Coastal Trail Series Sussex 55km race report

After every race I make myself notes of what went well and what I should have done differently. Sometimes the should-have-done-differentlys are on the ridiculous side ("don't, on a whim, triple the amount of coffee in your sports drink") and sometimes they're more substantial ("I needed more hill training for this course"). After the Coastal Trail Series Sussex 55km, I am, for the first time, completely at a loss for what I could write in the errors section of the notes. I've spent the better part of the plane ride home thinking about it and the best I could come up with is that I should have taken only half a water bottle instead of a full one at mile 15, since it was only three miles from there to my next support stop. Not exactly a disastrous mistake!!

prerace sightseeing along the course



Most of my prerace concerns had to do with weather. The race is over exposed ground right on the coastal cliffs, and it was supposed to be around 30mph winds with gusts up to 50mph. It was freezing cold at packet pickup just before the race start. The guy manning the t-shirt desk wordlessly handed me a size medium. When I asked for a small instead, he gave me an incredulous look and asked if I had seen what the small size was like. I was confused for a second, then realized I was wearing 8 layers of clothing and was not looking particularly small at that moment.




Actually I guess I spent most of the prerace period looking ridiculous. While every other runner wandered around stretching and jogging and generally looking professional and prepared, I was the one wearing overly short pink children's sweatpants and scraping hard caked mud out of my shoe treads with a hotel room key card. One day I will nail the not-looking-ridiculous part of racing, but that day was not yesterday.

After the world's longest briefing, we finally started running. The first section of the race is straight into the wind, over the Seven Sisters hills on the coast. It's beautiful but it was like trying to run into a giant hair dryer--there were a lot of runners chasing after lost hats! Fortunately I had been out here for a training run so I knew what I was in for. I took it pretty easy on this section, then sped up to race effort after 5km when we turned inland and briefly got a bit of shelter. And the reward for surviving each headwind section was an amazing tailwind section, or at least amazing until a sudden tailwind gust nearly blew me off a cliff.

we ran past the Long Man.  it was very long.

People were friendly at this race, and getting to talk to a few people made the first third go by quickly. Divesh, my support crew extraordinare, met me at several places for water bottle exchanges, and never being far from one of those also made the miles fly by. I also had a nice half mile or so with Alice, who won the accompanying half marathon.

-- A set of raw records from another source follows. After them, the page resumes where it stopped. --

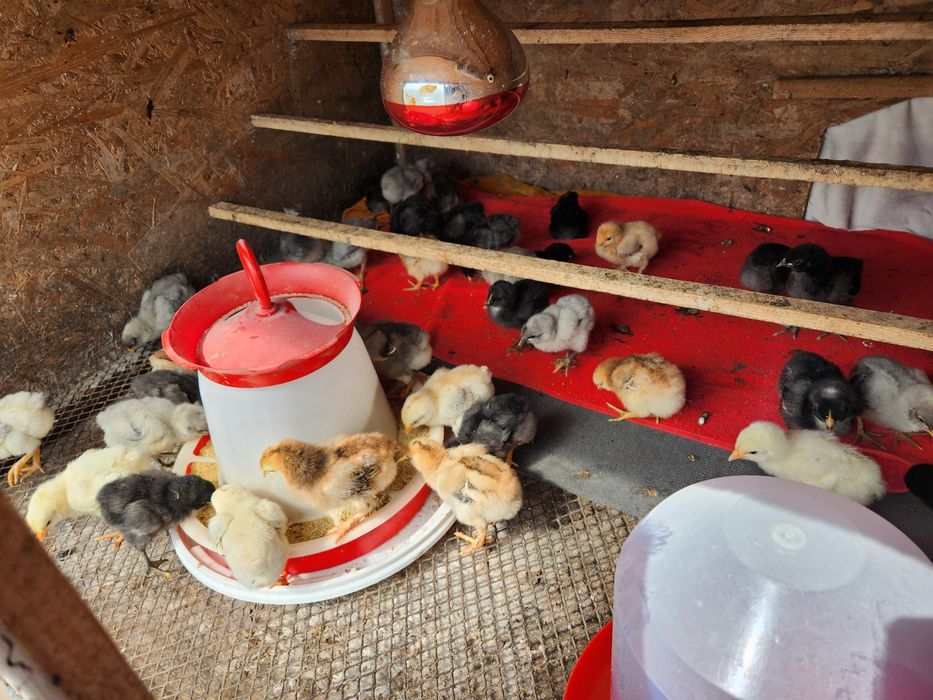 Pui Australorp dar si alte rase selectate vârste diferite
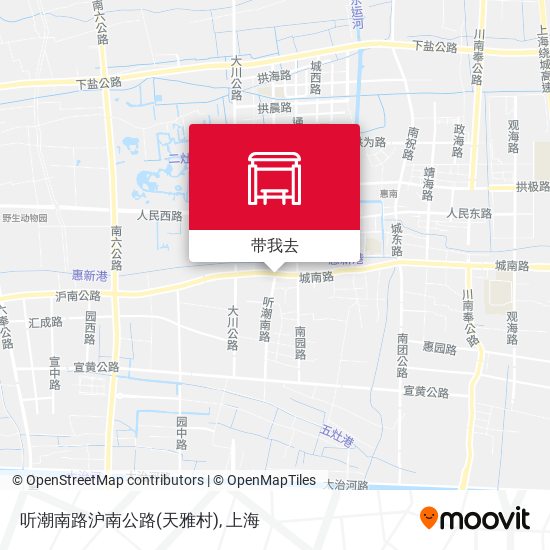 听潮南路沪南公路(天雅村)地图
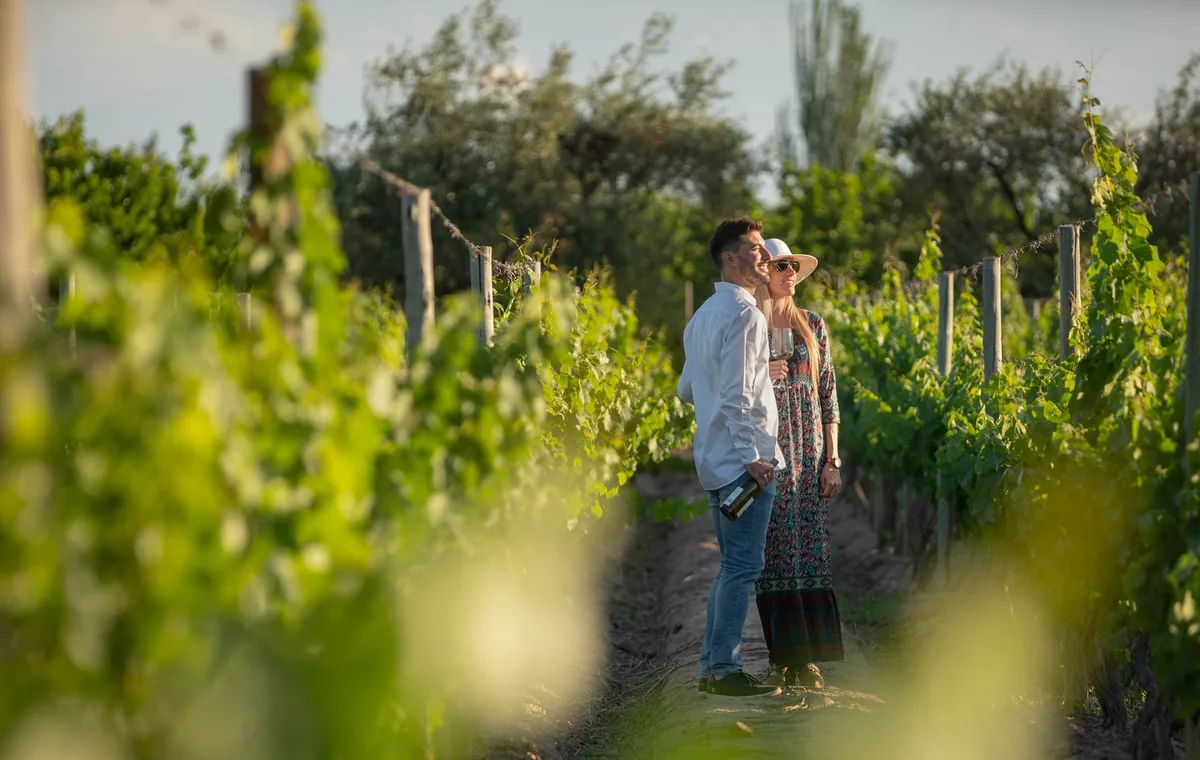 Viñedos y bodega en Mendoza al pie de la Cordillera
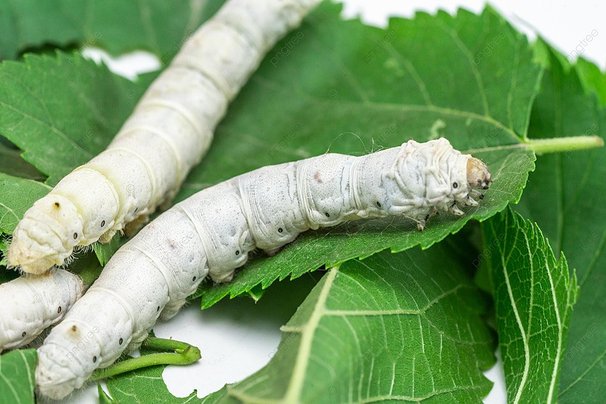 Silkworms feeding on mulberry leaves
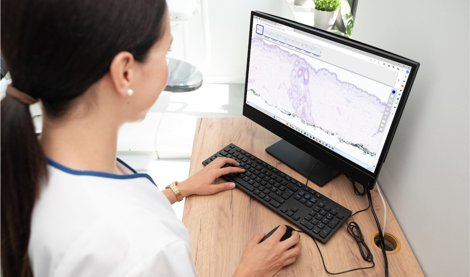 Comunicados Internacional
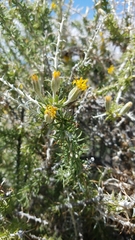 Tetradymia spinosa
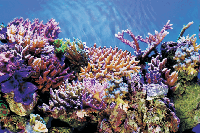 Superfish deco poster a2 60x49 cm - Superfish
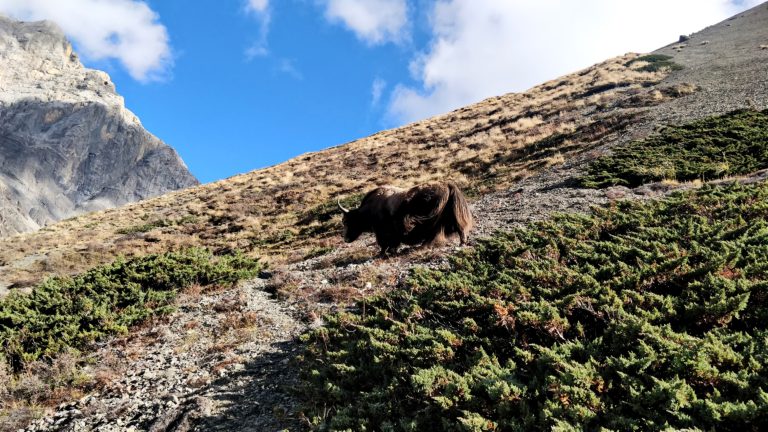 A himalayan yak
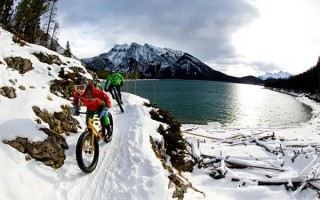 家具行业谷歌SEO推广技巧，以及家具行业为什么要做谷歌SEO推广？                    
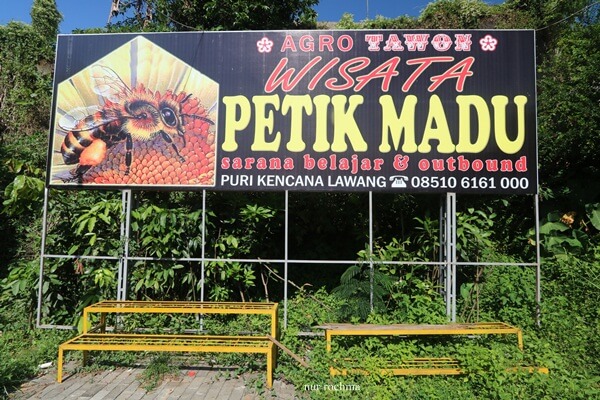 Wisata petik Madu Lawang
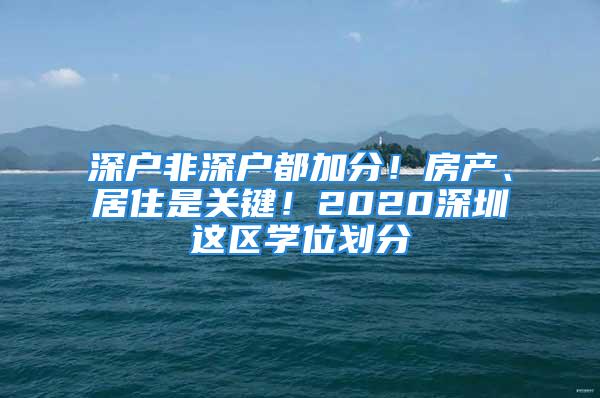 深户非深户都加分！房产、居住是关键！2020深圳这区学位划分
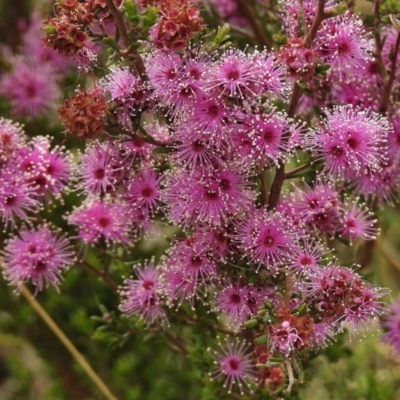 Kunzea parvifolia (Violet Kunzea) at Kambah, ACT - 25 Oct 2017 by JohnBundock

My first 25 miles were basically spent in suspense, wondering if and when I was going to hit a wall or bonk or possibly go insane from the uncomfortably loud roaring of the wind in my ears. But by mile 25, none of those things had happened. I felt oddly... good. Like really good. I was running up hills I would have thought I would have had to walk. I never got nauseated. The math changed from wondering if I had a shot at the course record to knowing that, absent some sudden injury, I was going to get it by a decent margin. 

And that was it really! Nothing dramatic to report, just a nice steady race with possibly my most even splits ever. I feel like a completely different runner from my pre-injury year.  So what's different than in the past? First, I've sorted out better training through coaching from David Roche. Second, I've put in hundreds of hours of nutrition research and have finally reached what seems like the right answers. Conclusion: it's definitely still possible to get faster when you're old and missing foot parts!